Dataset records:

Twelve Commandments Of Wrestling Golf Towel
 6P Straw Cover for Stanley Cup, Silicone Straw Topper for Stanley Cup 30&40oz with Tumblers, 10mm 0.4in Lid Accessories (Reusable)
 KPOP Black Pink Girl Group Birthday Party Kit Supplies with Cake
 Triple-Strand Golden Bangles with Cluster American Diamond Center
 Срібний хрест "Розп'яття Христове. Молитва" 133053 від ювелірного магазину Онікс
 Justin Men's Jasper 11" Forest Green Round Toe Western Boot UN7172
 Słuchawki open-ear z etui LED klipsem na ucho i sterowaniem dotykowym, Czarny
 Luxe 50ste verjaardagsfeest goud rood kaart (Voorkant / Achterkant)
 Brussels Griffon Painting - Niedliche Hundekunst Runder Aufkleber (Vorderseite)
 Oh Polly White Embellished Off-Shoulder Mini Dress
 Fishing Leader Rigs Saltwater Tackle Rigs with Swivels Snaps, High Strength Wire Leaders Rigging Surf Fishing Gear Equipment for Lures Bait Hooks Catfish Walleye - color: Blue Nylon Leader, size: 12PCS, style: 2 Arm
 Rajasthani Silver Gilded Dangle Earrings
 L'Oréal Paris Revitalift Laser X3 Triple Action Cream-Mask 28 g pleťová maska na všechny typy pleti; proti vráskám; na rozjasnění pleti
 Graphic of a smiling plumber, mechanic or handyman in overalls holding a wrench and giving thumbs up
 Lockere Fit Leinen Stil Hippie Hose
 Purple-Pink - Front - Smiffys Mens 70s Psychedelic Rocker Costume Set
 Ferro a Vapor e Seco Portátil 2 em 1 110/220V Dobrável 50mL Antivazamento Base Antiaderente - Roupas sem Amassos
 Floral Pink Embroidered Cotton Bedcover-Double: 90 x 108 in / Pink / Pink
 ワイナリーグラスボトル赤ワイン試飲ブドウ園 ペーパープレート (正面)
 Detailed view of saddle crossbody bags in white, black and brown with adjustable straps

Required work:
Give every entry again in full, precisely as written above.

Exercise solution:
Twelve Commandments Of Wrestling Golf Towel
 6P Straw Cover for Stanley Cup, Silicone Straw Topper for Stanley Cup 30&40oz with Tumblers, 10mm 0.4in Lid Accessories (Reusable)
 KPOP Black Pink Girl Group Birthday Party Kit Supplies with Cake
 Triple-Strand Golden Bangles with Cluster American Diamond Center
 Срібний хрест "Розп'яття Христове. Молитва" 133053 від ювелірного магазину Онікс
 Justin Men's Jasper 11" Forest Green Round Toe Western Boot UN7172
 Słuchawki open-ear z etui LED klipsem na ucho i sterowaniem dotykowym, Czarny
 Luxe 50ste verjaardagsfeest goud rood kaart (Voorkant / Achterkant)
 Brussels Griffon Painting - Niedliche Hundekunst Runder Aufkleber (Vorderseite)
 Oh Polly White Embellished Off-Shoulder Mini Dress
 Fishing Leader Rigs Saltwater Tackle Rigs with Swivels Snaps, High Strength Wire Leaders Rigging Surf Fishing Gear Equipment for Lures Bait Hooks Catfish Walleye - color: Blue Nylon Leader, size: 12PCS, style: 2 Arm
 Rajasthani Silver Gilded Dangle Earrings
 L'Oréal Paris Revitalift Laser X3 Triple Action Cream-Mask 28 g pleťová maska na všechny typy pleti; proti vráskám; na rozjasnění pleti
 Graphic of a smiling plumber, mechanic or handyman in overalls holding a wrench and giving thumbs up
 Lockere Fit Leinen Stil Hippie Hose
 Purple-Pink - Front - Smiffys Mens 70s Psychedelic Rocker Costume Set
 Ferro a Vapor e Seco Portátil 2 em 1 110/220V Dobrável 50mL Antivazamento Base Antiaderente - Roupas sem Amassos
 Floral Pink Embroidered Cotton Bedcover-Double: 90 x 108 in / Pink / Pink
 ワイナリーグラスボトル赤ワイン試飲ブドウ園 ペーパープレート (正面)
 Detailed view of saddle crossbody bags in white, black and brown with adjustable straps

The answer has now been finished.